I tested seven mortgage calculator apps with the exact same scenario to see which ones give you the full picture — and which ones leave you dangerously underinformed.

The Test Scenario

For consistency, I ran the same inputs through every tool:

  • Home price: $380,000
  • Down payment: 10% ($38,000)
  • Loan term: 30 years fixed
  • Interest rate: 6.8%
  • Property tax rate: 1.2%
  • Homeowner’s insurance: $1,800/year
  • Location: Raleigh, NC (for tools that use location)

I evaluated each tool on five criteria: accuracy of the base calculation, inclusion of hidden costs (PMI, taxes, insurance, closing costs), extra features (amortization table, affordability analysis, comparison tools), user experience, and mobile usability.

The Head-to-Head Results

App/Tool Monthly Payment Shown Includes PMI? Includes Taxes + Insurance? Shows Total Interest? Amortization Table?
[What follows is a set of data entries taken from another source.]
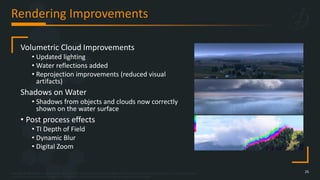 Copyright © 2023 Bohemia Interactive Simulations | All other trademarks or copyrights are the property of their respective owners. All Rights Reserved.
Use or disclosure of the data contained on this sheet is subject to the restriction on the title page of this document.
Rendering Improvements
25
Volumetric Cloud Improvements
• Updated lighting
• Water reflections added
• Reprojection improvements (reduced visual
artifacts)
Shadows on Water
• Shadows from objects and clouds now correctly
shown on the water surface
• Post process effects
• TI Depth of Field
• Dynamic Blur
• Digital Zoom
Overall Rating
DDH Mortgage Calculator $2,579 Yes Yes Yes Yes (interactive) 9.2/10
Bankrate $2,573 Yes Yes Yes Yes 8.5/10
NerdWallet $2,565 Yes Yes Yes Yes 8.3/10
Zillow $2,540 Optional Estimated No No 7.0/10
Google (built-in) $2,228 No No Yes No 5.5/10
Mortgage Calculator (app) $2,228 Optional Optional Yes Yes 7.2/10
Karl’s Mortgage Calculator $2,228 No No Yes Yes (detailed) 6.8/10

Bar chart comparing 30-year total cost of renting vs buying vs investing the difference.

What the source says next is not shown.